I can’t help feeling there’s still a lack of logical thinking in the fall-out from the E. coli crisis.

It was good to see the European Commission taking action to address the PR disaster that was the handling of the crisis by taking out full page newspaper advertorials this week. But that’s about where the praise ends.

The commission’s choice of the Metro newspaper for the UK strand of its campaign was a bizarre, city-centric decision that won’t reach readers in many regions where much of the affected produce is grown.

The fact that the EC has also chosen what one assumes is a generic, continent-wide ad featuring growers from Spain and the Netherlands will also not necessarily give UK consumers the reassurance they need about the safety of home-grown produce.

At the very least, the EC should have liaised with key industry bodies in each country and produced a tailored advert that was relevant to readers in individual nations.
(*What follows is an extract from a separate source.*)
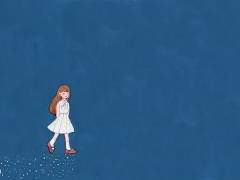 [미믹/1학년/빌런]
And since we’re on the subject of joined-up thinking, what about the FSA’s decision not to relax its advice on sprouting seeds? The Danes have changed their advice this week, while in Germany the farm originally implicated in the crisis has re-opened. All the while UK sprouting seed growers are edging closer to the precipice.

Everyone understands the importance of not rushing out with new announcements before the facts are to hand, but when it was doing exactly this that put growers’ livelihoods in jeopardy in the first place, producers really ought to be taken into account now.